Brief: For every line below, restate it exactly and drop the images.

Data block:

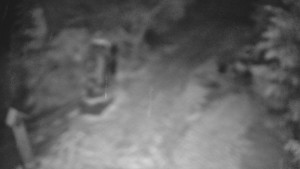 Skiareál Bílá - Bílá - běžecká trať - 20.2.2026 v 01:00 Skiareál Bílá - Bílá - běžecká trať - 20.2.2026 v 01:00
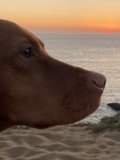 Contemplating the Sea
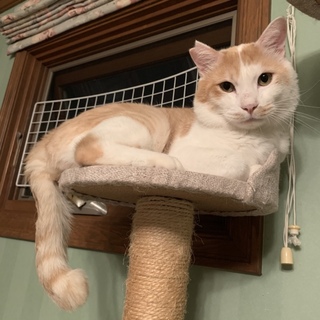 優しい癒しの茶白くん♡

Answer box:
 Skiareál Bílá - Bílá - běžecká trať - 20.2.2026 v 01:00 Skiareál Bílá - Bílá - běžecká trať - 20.2.2026 v 01:00
 Contemplating the Sea
 優しい癒しの茶白くん♡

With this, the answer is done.